▶ [The task]:
Copy every line of the entries that includes the word "Sublimation".

Items listed in a dataset:

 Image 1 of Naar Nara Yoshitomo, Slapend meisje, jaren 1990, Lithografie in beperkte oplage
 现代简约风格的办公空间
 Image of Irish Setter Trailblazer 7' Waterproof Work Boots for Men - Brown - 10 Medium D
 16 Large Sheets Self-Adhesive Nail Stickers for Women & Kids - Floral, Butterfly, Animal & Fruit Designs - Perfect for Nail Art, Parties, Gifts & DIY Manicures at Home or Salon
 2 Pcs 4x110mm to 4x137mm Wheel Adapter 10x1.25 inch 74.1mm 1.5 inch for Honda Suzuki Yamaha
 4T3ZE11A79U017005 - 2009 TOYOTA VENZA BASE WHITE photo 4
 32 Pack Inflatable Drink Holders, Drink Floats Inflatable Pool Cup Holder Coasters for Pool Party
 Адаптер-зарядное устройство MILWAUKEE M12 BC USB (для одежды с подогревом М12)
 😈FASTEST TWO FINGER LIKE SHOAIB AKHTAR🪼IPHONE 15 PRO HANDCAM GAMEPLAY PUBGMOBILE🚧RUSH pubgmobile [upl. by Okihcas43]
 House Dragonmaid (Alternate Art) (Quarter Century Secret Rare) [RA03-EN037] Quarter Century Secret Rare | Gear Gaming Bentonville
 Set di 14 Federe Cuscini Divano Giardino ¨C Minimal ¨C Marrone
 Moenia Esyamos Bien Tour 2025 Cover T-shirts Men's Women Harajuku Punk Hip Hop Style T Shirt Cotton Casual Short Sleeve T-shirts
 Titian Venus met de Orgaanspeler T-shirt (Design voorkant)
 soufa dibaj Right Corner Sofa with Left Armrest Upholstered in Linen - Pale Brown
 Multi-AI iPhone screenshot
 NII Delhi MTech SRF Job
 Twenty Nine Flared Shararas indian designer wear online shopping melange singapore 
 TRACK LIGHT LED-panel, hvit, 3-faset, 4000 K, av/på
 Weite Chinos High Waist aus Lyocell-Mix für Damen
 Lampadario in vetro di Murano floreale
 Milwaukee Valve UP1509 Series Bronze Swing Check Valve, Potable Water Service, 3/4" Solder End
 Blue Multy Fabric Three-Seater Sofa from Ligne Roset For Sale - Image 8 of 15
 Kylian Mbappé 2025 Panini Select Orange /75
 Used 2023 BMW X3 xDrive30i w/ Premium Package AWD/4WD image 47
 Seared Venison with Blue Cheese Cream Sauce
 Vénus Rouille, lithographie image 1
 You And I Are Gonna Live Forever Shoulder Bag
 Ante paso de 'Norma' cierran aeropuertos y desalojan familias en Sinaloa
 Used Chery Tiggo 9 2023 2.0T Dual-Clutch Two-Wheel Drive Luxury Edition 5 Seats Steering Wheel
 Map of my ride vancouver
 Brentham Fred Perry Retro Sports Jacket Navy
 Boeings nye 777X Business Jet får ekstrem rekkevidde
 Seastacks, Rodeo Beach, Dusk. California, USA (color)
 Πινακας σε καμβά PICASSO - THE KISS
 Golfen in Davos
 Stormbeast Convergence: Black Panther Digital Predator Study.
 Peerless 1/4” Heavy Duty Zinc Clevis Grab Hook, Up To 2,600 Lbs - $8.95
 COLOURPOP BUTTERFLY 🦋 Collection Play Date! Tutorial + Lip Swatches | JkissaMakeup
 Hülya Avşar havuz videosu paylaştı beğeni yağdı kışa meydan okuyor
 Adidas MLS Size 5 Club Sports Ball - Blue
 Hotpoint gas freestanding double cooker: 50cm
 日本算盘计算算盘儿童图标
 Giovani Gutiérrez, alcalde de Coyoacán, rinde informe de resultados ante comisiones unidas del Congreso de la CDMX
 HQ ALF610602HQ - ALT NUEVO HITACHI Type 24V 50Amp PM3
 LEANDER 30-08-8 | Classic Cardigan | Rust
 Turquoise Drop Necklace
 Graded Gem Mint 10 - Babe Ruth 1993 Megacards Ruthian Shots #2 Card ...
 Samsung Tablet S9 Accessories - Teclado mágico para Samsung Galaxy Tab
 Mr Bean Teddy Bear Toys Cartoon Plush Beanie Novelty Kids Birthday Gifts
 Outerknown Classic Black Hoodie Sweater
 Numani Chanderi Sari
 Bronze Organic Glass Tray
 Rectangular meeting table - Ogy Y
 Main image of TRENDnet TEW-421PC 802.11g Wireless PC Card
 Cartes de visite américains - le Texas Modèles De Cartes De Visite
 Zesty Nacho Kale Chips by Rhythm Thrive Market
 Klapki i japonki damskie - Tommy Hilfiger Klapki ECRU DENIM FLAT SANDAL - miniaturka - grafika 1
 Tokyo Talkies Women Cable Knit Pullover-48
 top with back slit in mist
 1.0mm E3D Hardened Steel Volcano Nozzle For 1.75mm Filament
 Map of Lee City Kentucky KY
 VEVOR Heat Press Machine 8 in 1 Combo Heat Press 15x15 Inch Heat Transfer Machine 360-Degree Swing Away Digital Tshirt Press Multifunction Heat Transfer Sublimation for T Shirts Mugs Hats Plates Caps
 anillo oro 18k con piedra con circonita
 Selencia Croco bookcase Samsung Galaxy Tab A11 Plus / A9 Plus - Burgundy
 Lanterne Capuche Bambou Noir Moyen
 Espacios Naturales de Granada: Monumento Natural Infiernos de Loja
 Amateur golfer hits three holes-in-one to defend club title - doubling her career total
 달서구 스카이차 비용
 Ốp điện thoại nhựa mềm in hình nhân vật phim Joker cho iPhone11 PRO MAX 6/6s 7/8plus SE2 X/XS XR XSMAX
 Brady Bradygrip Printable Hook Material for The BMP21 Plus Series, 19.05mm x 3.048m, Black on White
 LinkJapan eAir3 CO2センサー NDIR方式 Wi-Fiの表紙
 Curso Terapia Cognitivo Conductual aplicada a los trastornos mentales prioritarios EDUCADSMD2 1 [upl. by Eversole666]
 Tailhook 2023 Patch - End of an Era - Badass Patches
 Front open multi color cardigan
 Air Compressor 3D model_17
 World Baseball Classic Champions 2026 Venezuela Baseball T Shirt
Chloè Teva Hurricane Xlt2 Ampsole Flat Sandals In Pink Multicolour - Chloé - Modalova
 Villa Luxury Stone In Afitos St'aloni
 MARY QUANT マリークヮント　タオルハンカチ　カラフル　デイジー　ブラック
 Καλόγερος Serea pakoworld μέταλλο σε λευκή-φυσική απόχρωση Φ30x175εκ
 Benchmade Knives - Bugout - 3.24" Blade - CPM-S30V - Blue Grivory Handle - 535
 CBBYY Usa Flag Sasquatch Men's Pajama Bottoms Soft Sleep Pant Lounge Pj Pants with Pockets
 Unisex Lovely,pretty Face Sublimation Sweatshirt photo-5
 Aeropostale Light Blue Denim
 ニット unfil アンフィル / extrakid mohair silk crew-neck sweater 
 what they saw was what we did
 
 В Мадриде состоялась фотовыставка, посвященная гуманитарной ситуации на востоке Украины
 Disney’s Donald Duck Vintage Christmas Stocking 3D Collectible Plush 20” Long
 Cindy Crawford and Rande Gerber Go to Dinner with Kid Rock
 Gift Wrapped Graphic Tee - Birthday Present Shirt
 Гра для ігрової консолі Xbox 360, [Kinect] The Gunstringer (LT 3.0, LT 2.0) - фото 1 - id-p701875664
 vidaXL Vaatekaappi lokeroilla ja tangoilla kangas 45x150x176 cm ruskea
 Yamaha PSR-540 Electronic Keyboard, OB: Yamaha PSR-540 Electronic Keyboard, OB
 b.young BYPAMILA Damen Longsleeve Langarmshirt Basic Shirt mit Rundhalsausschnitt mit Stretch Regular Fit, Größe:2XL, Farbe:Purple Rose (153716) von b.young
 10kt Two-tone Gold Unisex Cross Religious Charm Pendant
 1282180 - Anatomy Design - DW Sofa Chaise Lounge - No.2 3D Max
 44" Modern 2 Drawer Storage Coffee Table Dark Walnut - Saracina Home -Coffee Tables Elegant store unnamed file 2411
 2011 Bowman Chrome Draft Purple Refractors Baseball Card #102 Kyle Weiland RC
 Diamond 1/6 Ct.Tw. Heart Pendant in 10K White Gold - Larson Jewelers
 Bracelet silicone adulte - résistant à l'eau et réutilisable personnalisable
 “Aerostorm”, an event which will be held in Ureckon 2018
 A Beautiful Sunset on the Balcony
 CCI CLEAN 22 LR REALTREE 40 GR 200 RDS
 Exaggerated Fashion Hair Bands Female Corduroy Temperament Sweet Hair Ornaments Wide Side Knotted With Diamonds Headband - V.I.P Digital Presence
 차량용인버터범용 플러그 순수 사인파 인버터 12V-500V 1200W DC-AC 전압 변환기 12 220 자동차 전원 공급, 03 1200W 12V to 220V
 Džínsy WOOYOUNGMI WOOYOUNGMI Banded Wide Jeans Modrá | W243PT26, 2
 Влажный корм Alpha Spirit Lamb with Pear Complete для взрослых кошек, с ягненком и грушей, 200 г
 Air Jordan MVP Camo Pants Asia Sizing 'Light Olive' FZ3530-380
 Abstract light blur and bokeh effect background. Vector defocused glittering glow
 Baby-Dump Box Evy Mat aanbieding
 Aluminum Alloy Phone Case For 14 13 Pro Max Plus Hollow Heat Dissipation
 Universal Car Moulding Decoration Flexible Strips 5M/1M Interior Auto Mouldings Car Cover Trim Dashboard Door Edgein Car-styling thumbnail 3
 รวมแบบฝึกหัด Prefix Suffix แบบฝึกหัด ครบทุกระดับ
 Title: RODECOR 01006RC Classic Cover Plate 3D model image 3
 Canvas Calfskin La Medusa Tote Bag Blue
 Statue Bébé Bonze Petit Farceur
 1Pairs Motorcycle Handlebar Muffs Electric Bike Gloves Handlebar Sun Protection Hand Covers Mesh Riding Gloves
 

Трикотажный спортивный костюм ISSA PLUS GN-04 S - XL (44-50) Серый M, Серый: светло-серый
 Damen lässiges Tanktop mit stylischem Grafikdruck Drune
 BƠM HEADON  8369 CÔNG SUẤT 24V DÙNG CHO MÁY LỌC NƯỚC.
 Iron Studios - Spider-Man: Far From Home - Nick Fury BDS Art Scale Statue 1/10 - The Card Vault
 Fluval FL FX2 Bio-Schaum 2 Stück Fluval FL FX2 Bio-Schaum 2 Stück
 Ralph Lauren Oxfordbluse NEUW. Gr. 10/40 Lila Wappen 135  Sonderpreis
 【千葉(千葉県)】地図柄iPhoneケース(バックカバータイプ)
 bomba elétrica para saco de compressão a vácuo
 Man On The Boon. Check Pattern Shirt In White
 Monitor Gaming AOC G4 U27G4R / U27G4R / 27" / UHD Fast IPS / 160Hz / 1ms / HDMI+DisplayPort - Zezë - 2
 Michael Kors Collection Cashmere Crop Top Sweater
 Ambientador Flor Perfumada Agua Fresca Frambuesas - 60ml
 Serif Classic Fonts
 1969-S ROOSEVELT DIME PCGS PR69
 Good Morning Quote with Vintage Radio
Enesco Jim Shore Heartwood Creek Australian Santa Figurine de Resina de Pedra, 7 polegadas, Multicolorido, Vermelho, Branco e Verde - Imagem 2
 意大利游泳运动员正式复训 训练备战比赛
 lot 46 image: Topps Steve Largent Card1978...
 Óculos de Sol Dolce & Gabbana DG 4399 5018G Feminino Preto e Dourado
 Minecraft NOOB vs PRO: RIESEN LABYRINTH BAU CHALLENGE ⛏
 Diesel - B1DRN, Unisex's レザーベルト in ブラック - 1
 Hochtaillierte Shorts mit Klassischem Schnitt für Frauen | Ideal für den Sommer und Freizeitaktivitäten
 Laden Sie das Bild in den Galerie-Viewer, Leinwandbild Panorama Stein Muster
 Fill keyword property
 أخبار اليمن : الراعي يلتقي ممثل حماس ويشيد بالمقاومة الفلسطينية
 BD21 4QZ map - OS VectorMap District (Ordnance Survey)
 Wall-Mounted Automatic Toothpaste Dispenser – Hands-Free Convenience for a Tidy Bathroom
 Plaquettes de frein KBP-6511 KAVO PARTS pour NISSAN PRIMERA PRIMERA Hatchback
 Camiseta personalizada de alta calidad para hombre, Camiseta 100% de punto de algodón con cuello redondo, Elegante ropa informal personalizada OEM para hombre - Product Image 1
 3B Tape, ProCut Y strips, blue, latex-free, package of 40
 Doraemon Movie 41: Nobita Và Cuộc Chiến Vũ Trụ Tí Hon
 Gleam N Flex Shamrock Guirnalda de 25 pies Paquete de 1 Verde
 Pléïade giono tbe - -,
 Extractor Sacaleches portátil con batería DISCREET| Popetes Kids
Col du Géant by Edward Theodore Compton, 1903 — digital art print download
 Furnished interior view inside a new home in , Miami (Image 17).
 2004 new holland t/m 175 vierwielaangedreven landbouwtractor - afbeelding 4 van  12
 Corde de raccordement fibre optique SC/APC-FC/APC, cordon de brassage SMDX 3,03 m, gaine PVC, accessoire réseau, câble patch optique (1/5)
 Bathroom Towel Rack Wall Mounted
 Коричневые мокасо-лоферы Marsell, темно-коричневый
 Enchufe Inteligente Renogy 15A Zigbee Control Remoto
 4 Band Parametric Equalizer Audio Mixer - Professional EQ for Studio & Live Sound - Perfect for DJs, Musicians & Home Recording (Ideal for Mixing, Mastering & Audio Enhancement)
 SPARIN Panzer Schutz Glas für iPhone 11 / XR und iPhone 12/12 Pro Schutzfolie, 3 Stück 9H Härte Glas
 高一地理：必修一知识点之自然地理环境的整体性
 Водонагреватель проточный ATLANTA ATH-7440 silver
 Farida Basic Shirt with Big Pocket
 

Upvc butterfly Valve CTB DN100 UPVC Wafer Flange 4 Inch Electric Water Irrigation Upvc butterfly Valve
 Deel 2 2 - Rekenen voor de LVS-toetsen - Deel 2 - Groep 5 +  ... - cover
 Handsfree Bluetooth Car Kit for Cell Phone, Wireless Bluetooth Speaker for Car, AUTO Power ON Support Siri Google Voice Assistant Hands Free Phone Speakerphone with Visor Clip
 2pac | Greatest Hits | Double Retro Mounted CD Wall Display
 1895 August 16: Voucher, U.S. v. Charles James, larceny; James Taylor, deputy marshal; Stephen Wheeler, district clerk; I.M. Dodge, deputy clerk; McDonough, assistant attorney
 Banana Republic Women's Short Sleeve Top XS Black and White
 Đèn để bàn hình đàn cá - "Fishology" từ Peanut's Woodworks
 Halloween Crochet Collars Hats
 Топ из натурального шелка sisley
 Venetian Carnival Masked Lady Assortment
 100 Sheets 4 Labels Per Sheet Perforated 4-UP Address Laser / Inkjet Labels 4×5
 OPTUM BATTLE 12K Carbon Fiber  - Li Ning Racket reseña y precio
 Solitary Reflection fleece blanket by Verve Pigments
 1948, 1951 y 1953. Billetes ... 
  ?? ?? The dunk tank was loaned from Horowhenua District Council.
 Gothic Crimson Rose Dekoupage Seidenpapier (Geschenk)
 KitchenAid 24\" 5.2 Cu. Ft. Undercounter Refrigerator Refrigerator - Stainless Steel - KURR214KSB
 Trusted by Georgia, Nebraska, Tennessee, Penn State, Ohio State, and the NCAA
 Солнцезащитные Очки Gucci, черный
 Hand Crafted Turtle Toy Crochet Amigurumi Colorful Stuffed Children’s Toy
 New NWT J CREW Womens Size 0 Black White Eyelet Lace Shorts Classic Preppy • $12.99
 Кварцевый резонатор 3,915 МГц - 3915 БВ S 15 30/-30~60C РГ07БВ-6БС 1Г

▶ [Completed task]:
 VEVOR Heat Press Machine 8 in 1 Combo Heat Press 15x15 Inch Heat Transfer Machine 360-Degree Swing Away Digital Tshirt Press Multifunction Heat Transfer Sublimation for T Shirts Mugs Hats Plates Caps
 Unisex Lovely,pretty Face Sublimation Sweatshirt photo-5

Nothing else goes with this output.